Question

Write any four solutions of the given equation $x + y = 2.$

Answer 1

Hint: In order to find the solution, we know that the given equation follows the line equation with an infinite number of solutions, so by putting the different values of y, we will get the corresponding value of x.
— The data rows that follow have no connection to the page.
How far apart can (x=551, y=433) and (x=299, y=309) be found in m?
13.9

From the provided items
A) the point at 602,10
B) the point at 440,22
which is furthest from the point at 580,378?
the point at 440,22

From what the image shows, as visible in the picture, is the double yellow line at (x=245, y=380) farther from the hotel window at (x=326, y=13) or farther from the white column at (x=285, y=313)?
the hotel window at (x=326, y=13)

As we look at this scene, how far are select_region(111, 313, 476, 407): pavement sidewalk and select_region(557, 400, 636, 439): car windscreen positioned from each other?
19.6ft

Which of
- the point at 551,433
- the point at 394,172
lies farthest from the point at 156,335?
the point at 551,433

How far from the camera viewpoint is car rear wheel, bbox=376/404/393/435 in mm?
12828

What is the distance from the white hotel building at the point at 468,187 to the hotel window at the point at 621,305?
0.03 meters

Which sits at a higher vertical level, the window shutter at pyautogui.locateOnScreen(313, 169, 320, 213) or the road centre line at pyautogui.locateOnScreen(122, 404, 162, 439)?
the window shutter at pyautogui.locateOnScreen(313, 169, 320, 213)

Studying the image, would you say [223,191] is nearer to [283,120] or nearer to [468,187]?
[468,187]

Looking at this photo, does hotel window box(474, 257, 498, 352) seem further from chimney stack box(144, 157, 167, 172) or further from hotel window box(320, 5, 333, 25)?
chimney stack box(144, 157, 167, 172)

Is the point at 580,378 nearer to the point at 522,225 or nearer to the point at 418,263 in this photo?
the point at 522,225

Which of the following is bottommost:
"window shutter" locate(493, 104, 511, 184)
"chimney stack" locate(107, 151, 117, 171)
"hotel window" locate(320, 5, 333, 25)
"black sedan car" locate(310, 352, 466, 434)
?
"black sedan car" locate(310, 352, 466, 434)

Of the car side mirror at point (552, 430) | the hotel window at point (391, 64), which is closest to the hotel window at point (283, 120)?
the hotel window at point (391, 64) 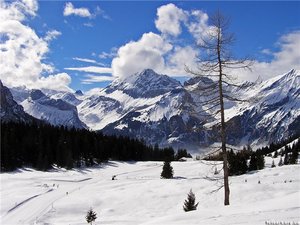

Complete step-by-step answer:
Given equation $x + y = 2.$
For any solution we will put a value of y and by solving for the value of x we will get the corresponding value of x.
We know that the given equation represents a straight line.
Now by taking the value of y= 1, we get
$
  x + 1 = 2 \\
  x = 1 \\
$
$(1,1)$ is one of the solutions of the given equation.
Now, by taking the value of y = 2, we get
$
  x + 2 = 2 \\
  x = 0 \\
$
$\therefore (0,2)$ is the second solution of the given equation.
By taking y = 3, we get
$
  x + 3 = 2 \\
  x = - 1 \\
$
$\therefore ( - 1,3)$ is also the solution of the given equation.
By taking the value of y = 4, we get
\[
  x + 4 = 2 \\
  x = - 2 \\
\]
$\therefore (- 2,4)$ is another solution to the given equation.
Hence, four solutions of the given equation are $(1,1),(0,2),( - 1,3){\text{ and }}( - 2,4).$

Note: In order to solve these types of questions, where we need to find the solutions of given equation; first write down the equation and substitute the value of x or y and the corresponding value of y or x can be calculated. Also the solution of an equation always satisfies the equation. In the above question we have a straight line and it has infinite solutions. Also if the equation of parabola or circle is given we will find the solution of the equation in the same way.